In the material below, find each line with the word "vendita" and copy it.
========
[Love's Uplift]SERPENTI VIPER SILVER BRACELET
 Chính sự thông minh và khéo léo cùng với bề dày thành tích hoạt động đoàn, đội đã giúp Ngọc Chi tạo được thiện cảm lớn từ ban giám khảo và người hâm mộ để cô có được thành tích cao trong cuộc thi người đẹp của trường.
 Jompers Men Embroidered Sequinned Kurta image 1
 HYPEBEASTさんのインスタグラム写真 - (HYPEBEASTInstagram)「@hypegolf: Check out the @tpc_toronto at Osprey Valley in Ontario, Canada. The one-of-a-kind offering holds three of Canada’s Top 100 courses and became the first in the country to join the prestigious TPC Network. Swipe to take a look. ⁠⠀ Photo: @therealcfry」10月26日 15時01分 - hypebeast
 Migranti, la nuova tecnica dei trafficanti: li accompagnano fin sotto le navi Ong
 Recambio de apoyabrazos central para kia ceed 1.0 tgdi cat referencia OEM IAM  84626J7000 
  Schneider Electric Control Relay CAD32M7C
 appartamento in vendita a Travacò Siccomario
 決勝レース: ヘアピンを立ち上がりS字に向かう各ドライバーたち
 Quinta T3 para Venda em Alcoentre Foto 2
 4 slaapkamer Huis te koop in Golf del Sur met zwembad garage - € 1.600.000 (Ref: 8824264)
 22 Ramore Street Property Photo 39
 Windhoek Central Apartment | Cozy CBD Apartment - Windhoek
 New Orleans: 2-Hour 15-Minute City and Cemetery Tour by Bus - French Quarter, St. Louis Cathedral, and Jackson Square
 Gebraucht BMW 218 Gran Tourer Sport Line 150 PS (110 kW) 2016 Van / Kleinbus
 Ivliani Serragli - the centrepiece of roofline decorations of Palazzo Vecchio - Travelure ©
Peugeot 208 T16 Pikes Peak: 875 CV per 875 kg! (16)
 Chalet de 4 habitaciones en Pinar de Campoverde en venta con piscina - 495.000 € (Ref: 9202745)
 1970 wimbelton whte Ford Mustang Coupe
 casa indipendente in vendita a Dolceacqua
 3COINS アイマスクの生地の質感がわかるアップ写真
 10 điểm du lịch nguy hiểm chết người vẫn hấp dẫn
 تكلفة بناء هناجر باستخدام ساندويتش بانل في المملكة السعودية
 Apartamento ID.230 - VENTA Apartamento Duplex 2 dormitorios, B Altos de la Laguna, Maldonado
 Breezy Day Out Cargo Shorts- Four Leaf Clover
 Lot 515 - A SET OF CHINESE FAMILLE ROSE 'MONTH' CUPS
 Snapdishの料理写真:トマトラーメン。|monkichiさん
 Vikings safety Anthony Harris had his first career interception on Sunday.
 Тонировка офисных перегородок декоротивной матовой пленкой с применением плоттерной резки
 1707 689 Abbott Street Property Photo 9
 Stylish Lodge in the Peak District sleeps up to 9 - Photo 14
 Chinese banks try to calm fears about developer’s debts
========
# RESPONSE AREA
 appartamento in vendita a Travacò Siccomario
 casa indipendente in vendita a Dolceacqua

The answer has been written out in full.